China's top economic planner on Thursday denied claims that it has allowed cooking oil manufacturers to raise their prices in recent months.
The National Development and Reform Commission (NDRC) made the comment in response to media reports that claimed that China has allowed cooking oil companies to raise their prices in order to cover rising production costs.
An official surnamed Zhou from the NDRC's pricing department said that the reports are groundless, as China has never imposed a ban on price increases and raising or lowering prices does not require the government's approval. Prices are set by the cooking oil producers themselves, he added.
"China has been paying great attention to the cooking oil market and price adjustments and has taken various measures to ensure steady market supplies," he said, adding that market supplies and state reserves are adequate for the time being.
Another NDRC official said the media reports have misunderstood the government's moves, explaining that the government previously sold soybeans to leading cooking oil manufacturers at lower prices in order to stabilize sales prices for their products.

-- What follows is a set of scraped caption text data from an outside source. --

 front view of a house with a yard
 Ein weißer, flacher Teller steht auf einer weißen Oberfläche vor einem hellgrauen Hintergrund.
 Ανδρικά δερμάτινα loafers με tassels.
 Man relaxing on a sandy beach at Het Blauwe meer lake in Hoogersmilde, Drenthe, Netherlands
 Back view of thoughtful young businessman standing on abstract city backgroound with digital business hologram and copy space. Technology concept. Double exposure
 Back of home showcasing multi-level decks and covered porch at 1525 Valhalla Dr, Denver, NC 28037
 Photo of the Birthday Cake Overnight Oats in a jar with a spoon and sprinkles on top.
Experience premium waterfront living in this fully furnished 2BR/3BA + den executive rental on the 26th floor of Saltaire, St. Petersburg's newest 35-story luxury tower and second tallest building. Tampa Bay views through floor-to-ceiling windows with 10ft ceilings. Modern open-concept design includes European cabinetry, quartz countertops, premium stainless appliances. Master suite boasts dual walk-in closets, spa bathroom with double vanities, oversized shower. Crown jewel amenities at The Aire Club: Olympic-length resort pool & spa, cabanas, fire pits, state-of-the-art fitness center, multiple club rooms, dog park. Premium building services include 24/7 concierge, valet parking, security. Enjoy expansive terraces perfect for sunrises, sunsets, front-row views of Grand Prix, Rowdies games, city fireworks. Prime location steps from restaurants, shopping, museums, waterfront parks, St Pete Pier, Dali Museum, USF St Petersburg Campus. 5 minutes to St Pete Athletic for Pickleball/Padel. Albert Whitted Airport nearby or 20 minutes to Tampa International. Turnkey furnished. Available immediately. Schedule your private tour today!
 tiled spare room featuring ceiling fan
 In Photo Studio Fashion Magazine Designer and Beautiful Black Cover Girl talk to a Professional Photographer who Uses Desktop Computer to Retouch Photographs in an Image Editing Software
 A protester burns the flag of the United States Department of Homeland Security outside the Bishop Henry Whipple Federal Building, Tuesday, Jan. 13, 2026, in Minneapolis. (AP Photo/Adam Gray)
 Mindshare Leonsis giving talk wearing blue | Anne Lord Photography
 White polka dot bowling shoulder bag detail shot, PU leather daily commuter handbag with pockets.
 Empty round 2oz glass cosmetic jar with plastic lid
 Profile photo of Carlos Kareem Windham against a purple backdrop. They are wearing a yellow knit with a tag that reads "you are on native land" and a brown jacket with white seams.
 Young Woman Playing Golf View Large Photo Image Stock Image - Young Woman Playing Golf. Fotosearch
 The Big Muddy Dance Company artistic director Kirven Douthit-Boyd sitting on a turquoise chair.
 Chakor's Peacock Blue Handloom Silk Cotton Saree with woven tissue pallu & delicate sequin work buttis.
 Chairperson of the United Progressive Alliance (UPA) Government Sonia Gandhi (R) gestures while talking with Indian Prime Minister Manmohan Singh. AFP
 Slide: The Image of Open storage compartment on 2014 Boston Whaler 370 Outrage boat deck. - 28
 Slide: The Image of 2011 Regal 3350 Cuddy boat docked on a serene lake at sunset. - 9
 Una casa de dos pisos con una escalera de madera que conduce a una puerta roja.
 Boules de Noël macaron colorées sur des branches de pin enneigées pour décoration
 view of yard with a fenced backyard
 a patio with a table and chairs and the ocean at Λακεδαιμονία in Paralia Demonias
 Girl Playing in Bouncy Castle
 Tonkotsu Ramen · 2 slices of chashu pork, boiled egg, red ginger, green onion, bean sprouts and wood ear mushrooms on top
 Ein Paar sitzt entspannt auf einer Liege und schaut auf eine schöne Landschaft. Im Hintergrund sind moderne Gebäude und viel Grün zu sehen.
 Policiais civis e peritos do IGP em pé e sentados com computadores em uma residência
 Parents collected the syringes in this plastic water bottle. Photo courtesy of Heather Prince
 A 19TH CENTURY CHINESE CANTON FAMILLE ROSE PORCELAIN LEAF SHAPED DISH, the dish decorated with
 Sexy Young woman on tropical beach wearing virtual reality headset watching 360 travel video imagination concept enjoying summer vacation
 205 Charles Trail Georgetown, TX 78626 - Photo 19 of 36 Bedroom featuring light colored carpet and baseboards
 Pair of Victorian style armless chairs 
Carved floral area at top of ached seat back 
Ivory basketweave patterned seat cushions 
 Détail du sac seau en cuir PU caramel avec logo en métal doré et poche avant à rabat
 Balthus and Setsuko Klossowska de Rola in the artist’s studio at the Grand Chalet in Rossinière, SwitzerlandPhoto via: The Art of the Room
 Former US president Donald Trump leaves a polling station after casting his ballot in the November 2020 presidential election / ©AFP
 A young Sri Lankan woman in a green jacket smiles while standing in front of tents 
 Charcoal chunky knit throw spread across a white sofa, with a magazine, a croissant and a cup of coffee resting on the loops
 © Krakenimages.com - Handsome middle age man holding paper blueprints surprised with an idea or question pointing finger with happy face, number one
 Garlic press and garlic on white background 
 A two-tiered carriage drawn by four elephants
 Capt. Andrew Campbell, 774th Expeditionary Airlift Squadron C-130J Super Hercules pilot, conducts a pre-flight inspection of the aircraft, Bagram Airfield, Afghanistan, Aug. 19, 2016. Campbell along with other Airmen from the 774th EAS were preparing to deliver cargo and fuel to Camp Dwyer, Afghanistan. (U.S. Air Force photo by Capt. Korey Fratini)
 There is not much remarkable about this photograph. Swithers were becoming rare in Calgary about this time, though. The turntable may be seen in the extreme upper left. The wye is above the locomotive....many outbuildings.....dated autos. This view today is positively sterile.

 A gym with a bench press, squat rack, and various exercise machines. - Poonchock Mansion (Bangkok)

Zhou stressed that 95 percent of China's products and services are market-based.
Chinese authorities have been wary about food prices in light of the country's recent inflation woes. Food prices account for nearly one-third of the basket of goods used to calculate the nation's consumer price index (CPI).
June's inflation escalated to a three-year high of 6.4 percent year-on-year. Officials and analysts said prices of pork, a staple food in China, have been the main driver of inflation.
The Ministry of Commerce said Tuesday that pork prices have spiraled downward over the last two weeks. However, economists doubt that the trend will continue.
Cooking oil is an important commodity for Chinese families. Spot prices of soybean oil in the international market rose 57.6 percent from a year earlier in July, and retail prices of soybean oil in China grew 18.1 percent in July from a year earlier, Zhou said.
Hong Tao, a professor at the Beijing Technology and Business University, said the possibility of price increases for cooking oil is slim, as the summer season often sees weak demand for the product.
In addition, market supplies of cooking oil still exceed demand and state reserves are sufficient, he said.
China is scheduled to release its inflation figures next week, with the market expecting them to remain at a high level.
The People's Bank of China, or the country's central bank, has raised interest rates three times so far this year, in addition to raising its reserve requirement ratio for banks six times this year.
NDRC spokesperson Li Pumin said Tuesday that maintaining stable prices is a priority for the government in the second half of this year.